▶ [Exercise goal] Every record must appear in the response exactly as given.
· · ·
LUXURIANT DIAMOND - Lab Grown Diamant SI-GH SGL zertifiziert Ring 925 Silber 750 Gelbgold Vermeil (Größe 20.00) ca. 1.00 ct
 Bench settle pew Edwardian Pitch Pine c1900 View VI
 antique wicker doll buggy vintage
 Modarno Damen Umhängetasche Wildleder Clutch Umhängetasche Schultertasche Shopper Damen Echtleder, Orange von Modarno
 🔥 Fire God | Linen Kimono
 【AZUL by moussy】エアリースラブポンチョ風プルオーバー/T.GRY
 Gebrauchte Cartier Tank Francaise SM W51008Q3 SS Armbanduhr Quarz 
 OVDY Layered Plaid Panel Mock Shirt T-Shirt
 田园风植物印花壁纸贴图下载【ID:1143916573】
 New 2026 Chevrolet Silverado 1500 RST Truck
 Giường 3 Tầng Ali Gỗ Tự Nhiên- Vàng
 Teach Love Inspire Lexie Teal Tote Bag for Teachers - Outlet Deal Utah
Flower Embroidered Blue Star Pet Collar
· · ·
▶ [Task solution]
LUXURIANT DIAMOND - Lab Grown Diamant SI-GH SGL zertifiziert Ring 925 Silber 750 Gelbgold Vermeil (Größe 20.00) ca. 1.00 ct
 Bench settle pew Edwardian Pitch Pine c1900 View VI
 antique wicker doll buggy vintage
 Modarno Damen Umhängetasche Wildleder Clutch Umhängetasche Schultertasche Shopper Damen Echtleder, Orange von Modarno
 🔥 Fire God | Linen Kimono
 【AZUL by moussy】エアリースラブポンチョ風プルオーバー/T.GRY
 Gebrauchte Cartier Tank Francaise SM W51008Q3 SS Armbanduhr Quarz 
 OVDY Layered Plaid Panel Mock Shirt T-Shirt
 田园风植物印花壁纸贴图下载【ID:1143916573】
 New 2026 Chevrolet Silverado 1500 RST Truck
 Giường 3 Tầng Ali Gỗ Tự Nhiên- Vàng
 Teach Love Inspire Lexie Teal Tote Bag for Teachers - Outlet Deal Utah
Flower Embroidered Blue Star Pet Collar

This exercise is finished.